-- SOURCE DATA follows --
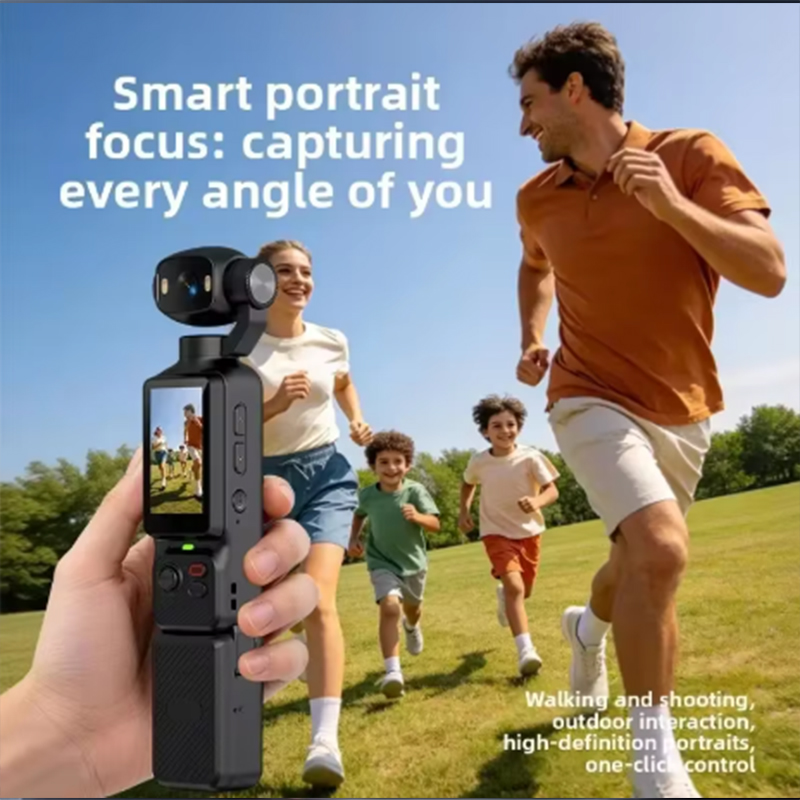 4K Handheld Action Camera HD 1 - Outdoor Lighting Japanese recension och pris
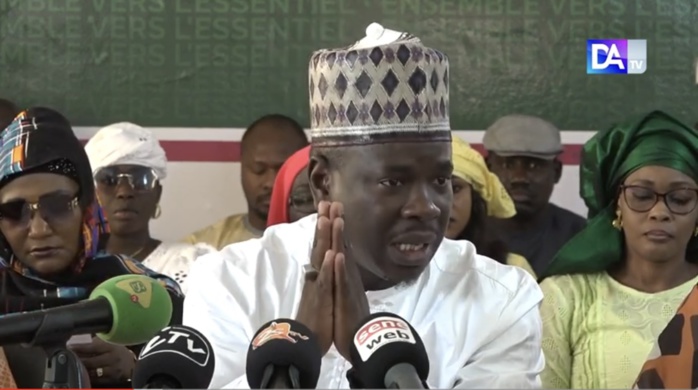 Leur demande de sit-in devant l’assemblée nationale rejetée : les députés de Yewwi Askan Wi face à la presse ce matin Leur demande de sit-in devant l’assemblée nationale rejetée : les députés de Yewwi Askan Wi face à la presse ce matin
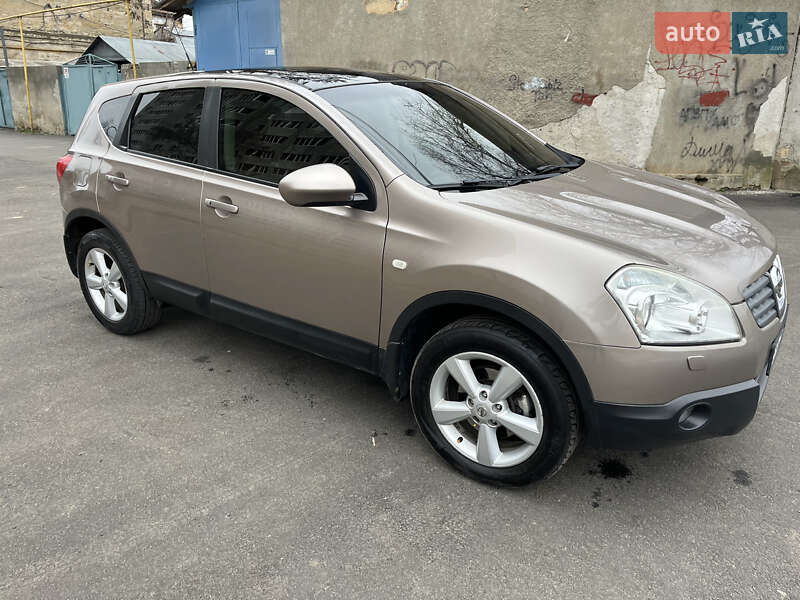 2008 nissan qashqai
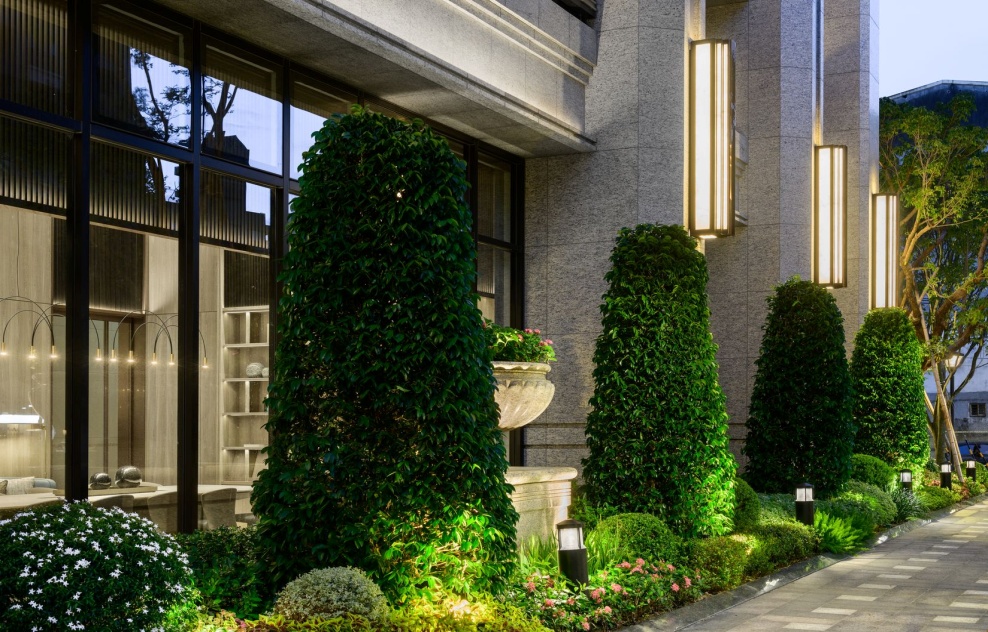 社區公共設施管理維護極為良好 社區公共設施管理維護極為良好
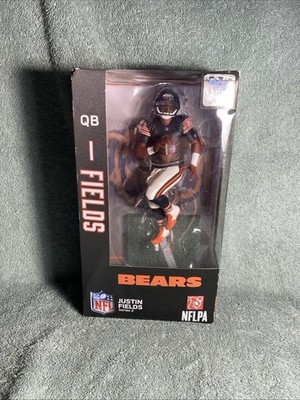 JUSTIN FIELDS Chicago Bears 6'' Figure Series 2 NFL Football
-- SOURCE DATA concluded --
-- SOURCE DATA follows --
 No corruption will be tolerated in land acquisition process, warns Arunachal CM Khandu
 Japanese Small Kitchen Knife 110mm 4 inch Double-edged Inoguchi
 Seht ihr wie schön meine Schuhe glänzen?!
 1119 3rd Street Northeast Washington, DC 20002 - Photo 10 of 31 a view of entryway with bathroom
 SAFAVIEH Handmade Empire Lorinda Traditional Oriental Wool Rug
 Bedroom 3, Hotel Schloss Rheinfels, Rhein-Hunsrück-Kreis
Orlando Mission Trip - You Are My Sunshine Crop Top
-- SOURCE DATA concluded --
-- SOURCE DATA follows --
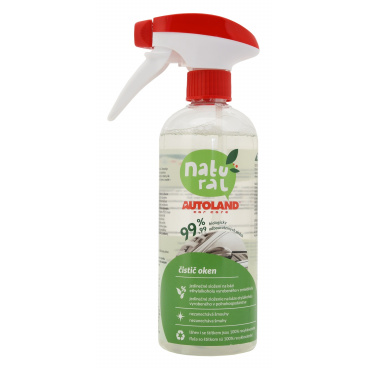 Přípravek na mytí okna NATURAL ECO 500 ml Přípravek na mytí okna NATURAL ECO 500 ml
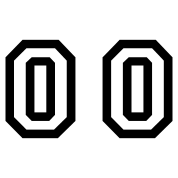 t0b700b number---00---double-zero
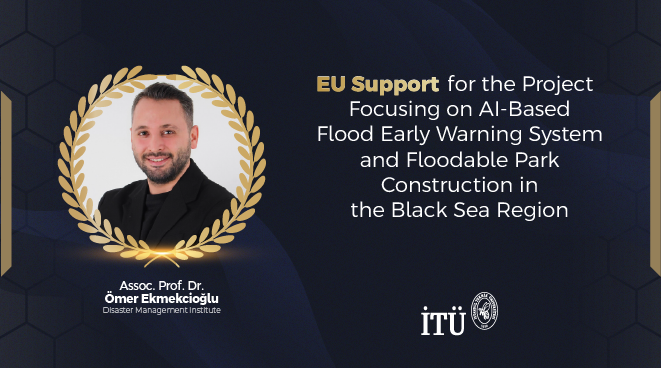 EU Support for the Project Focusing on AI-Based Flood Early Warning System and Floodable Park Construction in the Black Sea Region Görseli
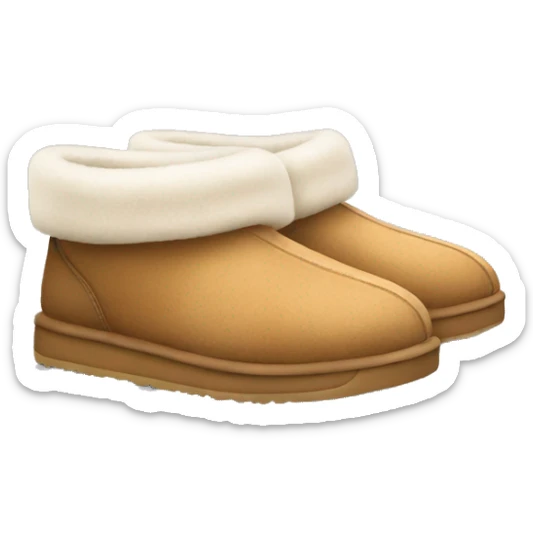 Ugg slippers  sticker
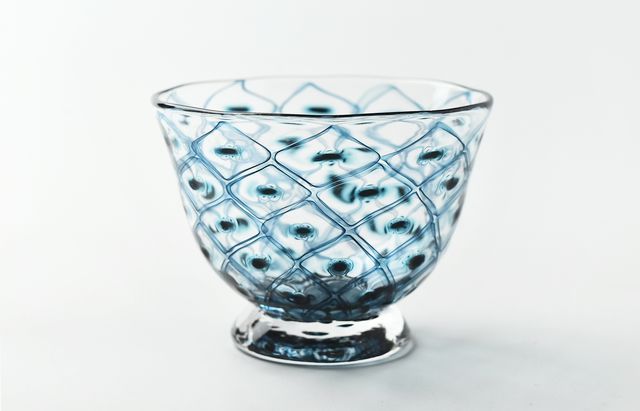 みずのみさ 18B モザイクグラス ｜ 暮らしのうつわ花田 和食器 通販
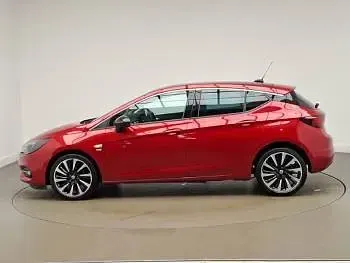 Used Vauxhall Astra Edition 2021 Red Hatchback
-- SOURCE DATA concluded --
Produce only the lines from the line containing "Japanese Small Kitchen" through the line containing "Orlando Mission Trip", inclusive of both, exactly as they stand in the entries above.

> TASK RESPONSE:
 Japanese Small Kitchen Knife 110mm 4 inch Double-edged Inoguchi
 Seht ihr wie schön meine Schuhe glänzen?!
 1119 3rd Street Northeast Washington, DC 20002 - Photo 10 of 31 a view of entryway with bathroom
 SAFAVIEH Handmade Empire Lorinda Traditional Oriental Wool Rug
 Bedroom 3, Hotel Schloss Rheinfels, Rhein-Hunsrück-Kreis
Orlando Mission Trip - You Are My Sunshine Crop Top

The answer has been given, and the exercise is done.